I’m going through a phase right now that I don’t see ending anytime soon. Not just the long hair and beard, because I go through this phase annually. My new phase has its roots in the machines of my youth, which I thought I outgrew around the same time I stopped hanging pictures of Guns N’ Roses and Poison on my bedroom walls. And yet, here I am. It’s a good phase, though. An important phase — an important phase, as phases go — because it’s one that is the product of an observational as well as an active life. And it’s a good phase because it’s indicative of America and the American spirit. What’s more, I get giddy just thinking about my new phase, like a young boy who just got a brand-new Hot Wheels. It’s funny how the older you get, the younger you want to feel.

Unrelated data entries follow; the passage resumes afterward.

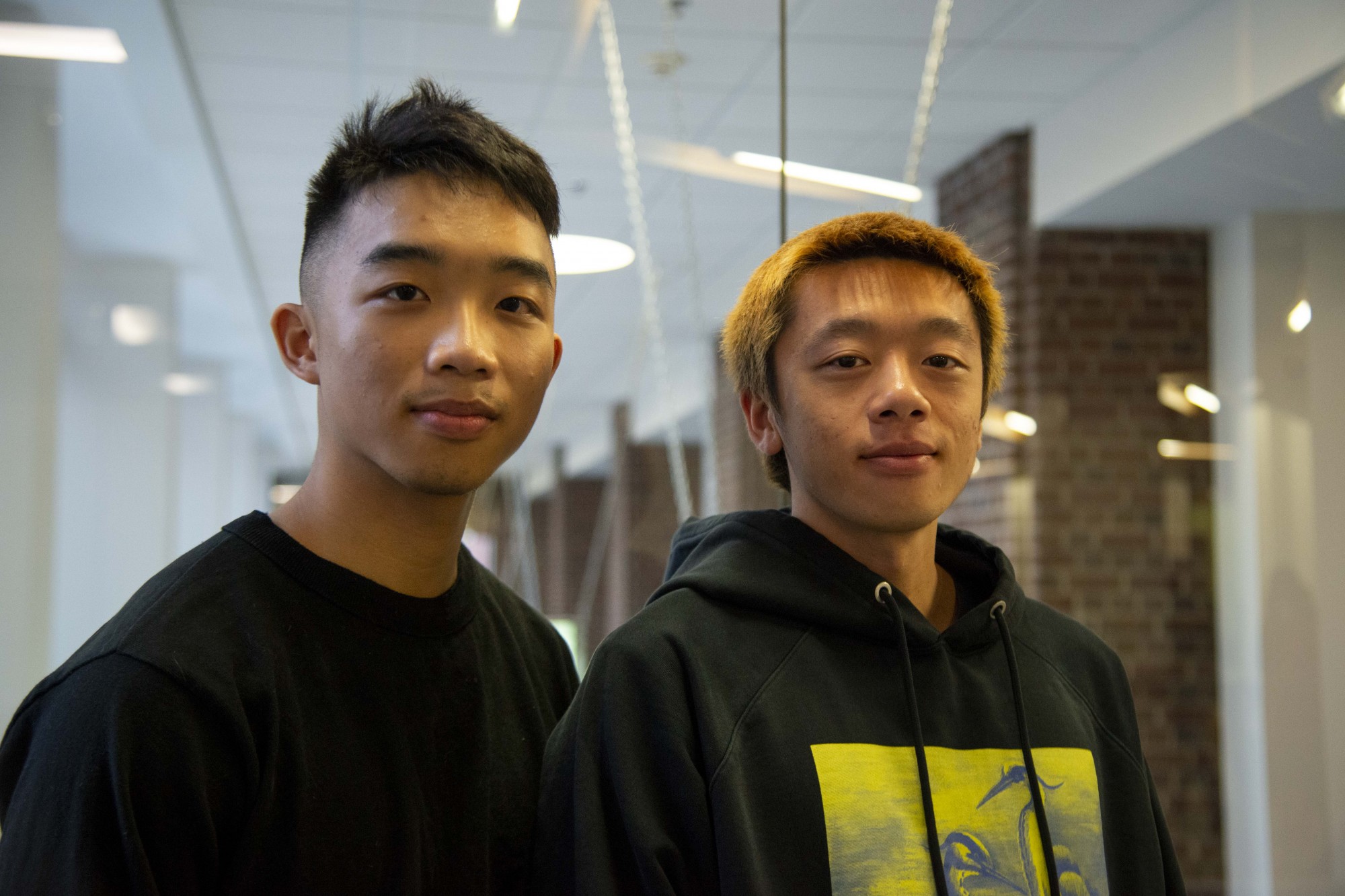 Students Stanley, left, and Dominic, right, pose for a portrait in Coffman Union on Friday, Dec. 6. 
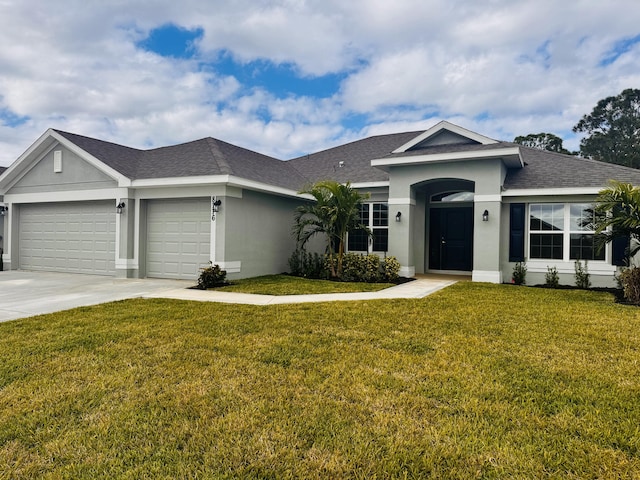 ranch-style house featuring a front yard and a garage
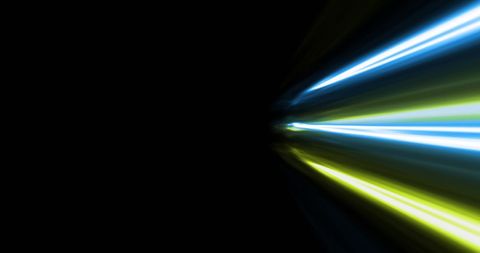 Dynamic colorful light streaks on black background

When I was a kid, I loved American muscle cars. I had pictures of Corvettes and Mustangs and Firebirds hanging right alongside my pictures of Axl Rose and Bret Michaels. My two favorite muscle cars were the 1967 Oldsmobile Toronado, with its 425 CID Super Rocket V8 engine, and, of course, the 1969 Dodge Charger R/T 440 CID V8, known throughout the 1980s as the General Lee. Yeah, I also had a poster of Bo and Luke Duke hanging up for the longest time. And another one of Daisy.

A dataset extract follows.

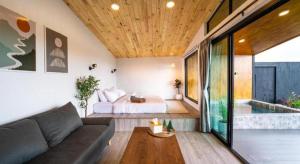 a living room with a couch and a bed and a tub at THUNWA the CAMPSITE in Ban Khao Ya Nua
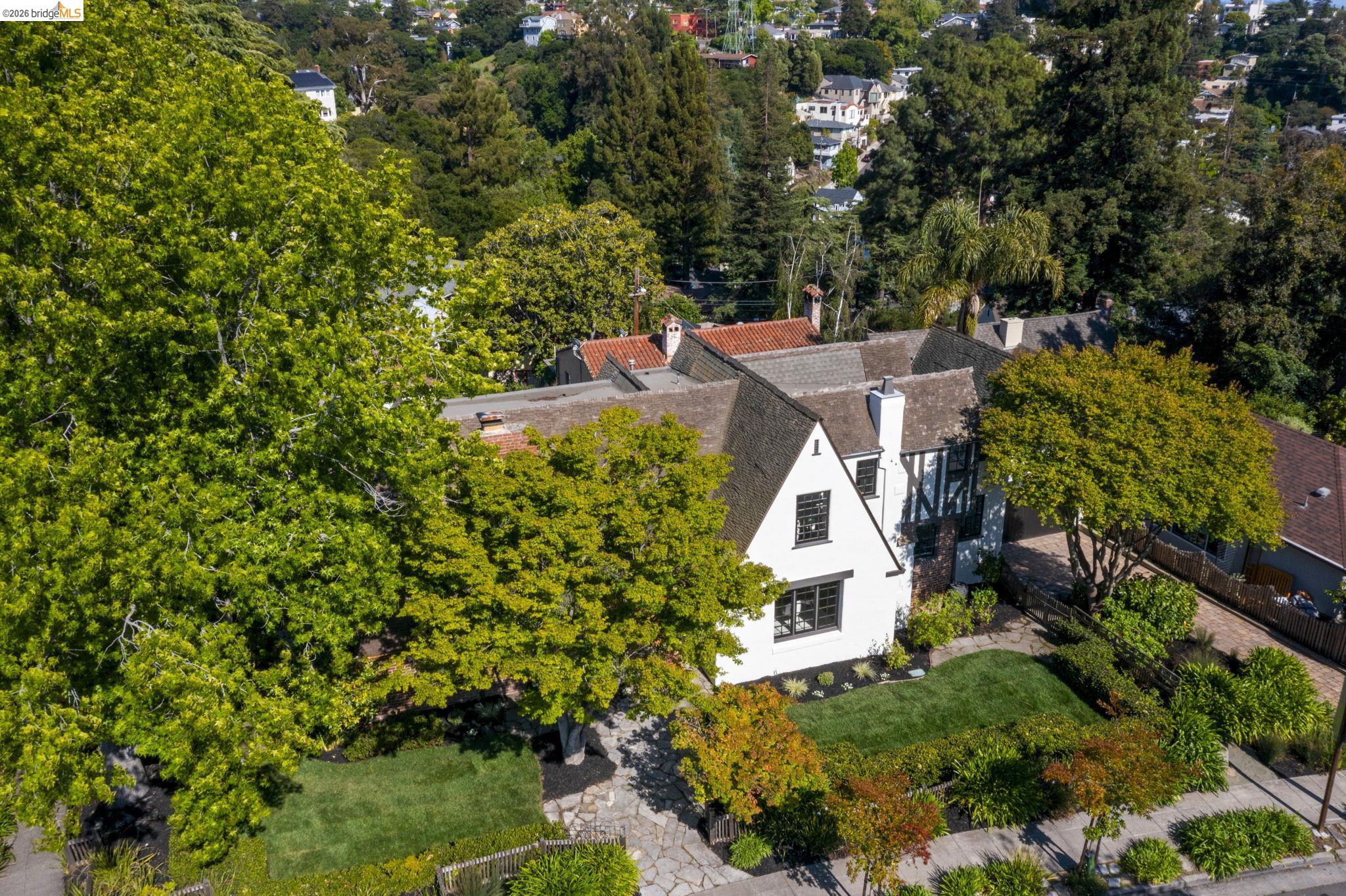 1087 Hubert Road Oakland, CA 94610 - Photo 65 of 67 Tudor-style residence featuring a white facade with dark trim, a gabled roofline, and a prominent chimney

Pictures and posters of bands and cars came and went until I left for college. After graduation, they ceased altogether. These days, my daughters’ walls are adorned with posters of the Fresh Beat Band and of Care Bears. Up until a week ago, I drove a very Fresh Beat– and Care Bear–friendly car: a Subaru Forester. On a whim, I sold it, thereby abruptly bringing my granola phase to an end.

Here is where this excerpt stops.